Khosrow Hassanzadeh creates pop art in the truest sense. Kitschy evocations of his home country's public imagination abound, lit by the glint of fairy lights that evoke an atmosphere of both sanctity and plasticity. He captures a nostalgia for the past and the sentiments integral to the bazaars and traffic-plagued streets of workaday Tehran.

In this latest collection of works, Hassanzadeh takes his engagement with the popular forms and visual imagination of Iran into ceramics. 'Haft Khan' is the first time the artist has worked on ceramic tile forms of this scale, and makes reference to the abundance of such tiling in Iran. It is found in sulphurous blue hue on the domes of mosques, or sprawling mosaic-like interiors with an undulating weave of crisp forms and floral patterns. Here, Hassanzadeh composes eight 'canvases' of blue ceramic tiles. Together, the eight works form a painted fresco where broad-shouldered Pahlavan wrestlers stand alongside characters absorbed from the pages of old Persia's illuminated manuscripts.

To understand the importance of Pahlavans, it's vital to go back to the roots of the Persian imagination. The Shahnameh, the 11th century epic poem by Ferdowsi, tells the story of pre-Islamic Persia, with its rival kings, everpresent wars and heroes touched by the divine. Rostam, a Herculean figure in the poem, could almost be the Shahnameh's protagonist. His 'seven trials' sit at the heart of the poem and are entwined in Iranian phraseology (as the name of this show, 'Haft Khan', refers to), synonymous with notions of valour, courage and chivalry.

The wrestler became, for these reasons, the embodiment of Rostam in the lives of Iranians. Hassanzadeh talks about the role these powerfully built yet spiritually disciplined sportsmen would play in the community - a sort of village elder for each neighbourhood, offering advice and help to all who came to their 'zoorkhaneh' (wrestling gym).
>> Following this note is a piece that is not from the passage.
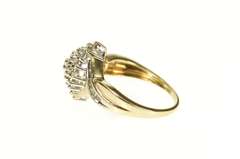 10K Yellow Gold Marquise Diamond Cluster Bypass Statement Ring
Hassanzadeh recreates the faded patina of aging photographs of these Pahlavans on his ceramic 'canvases'. The smaller, more intricate, figures alongside the wrestlers have been lifted from the art of Persian miniature painting, used to illuminate poetry such as the Shahnameh. This combined imagery represents the shared adoration of Iranians for wrestlers and the sentiments of the epic poems that gave Iran its national identity.

Yet the title of these works, 'Haft Khan', and its relationship with the trials of Rostam, sets a tone for Hassanzadeh's work. As Iran faces its recent upheavals, the struggle that 'Haft Khan' implies is pointed to. By placing the pieces on tiles, synonymous with the decoration found in mosques, he makes reference to an almost devotional struggle for the Pahlavan ideals of freedom, chivalry and righteous code of conduct that can be found in the people of contemporary Iran.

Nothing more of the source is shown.